А весна миновала и лето. Уже осень идет.
Во-ся и говорит родитель:
– Полно-ка в яме-то сидеть. Инде еще от нас прок будет, а тут чего же, под землей-то? Не аржано семя, из едина седмь не вырастем. Айдате, детки, на свет, на Русь – до времени. Еще-су загорится пожар на Дону, еще всколыхнется Расея-мать…
Всем уходить велел.
А мне наказал восвояси бежать.
– Утри, – молвил, – матери глазыньки, небось, нас дожидаючи, все проплакала, бедная.. Я же, – молвил, – пойду по Руси глядеть. Инде – свидимся.
И поклонился нам земно, и во-ся – нету его. Не знаем – на сивер пошел, не знаем – на полдень.
Ну, мы – кто куда.
И я на Хопер поплелся.
Бреду седмицу, бреду другую. Уже и белые мухи полетели.

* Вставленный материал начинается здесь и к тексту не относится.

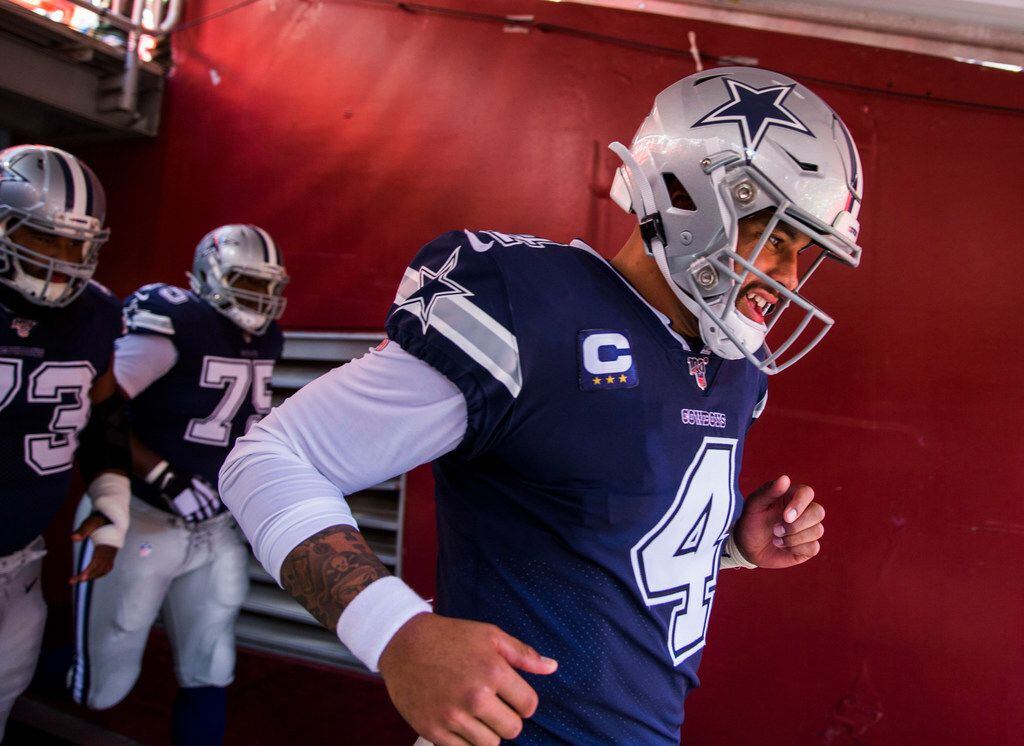 Dallas Cowboys quarterback Dak Prescott (4) runs through the tunnel before an NFL game...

Вот Борисоглебск-город завиднелся. Тут – Танцерей-деревенька на пути.
Гляжу – скачут какие-то от деревни конные. Ох, мыслю, не ордынцы[15] ли?
Схоронился б, да где схоронишься? Место степное, далеко видать. Ползу по снегу, чисто вошь по рубахе. «Матушка, – шепчу, – спаси, заступница, помози!»
Верно, ордынцы оказались.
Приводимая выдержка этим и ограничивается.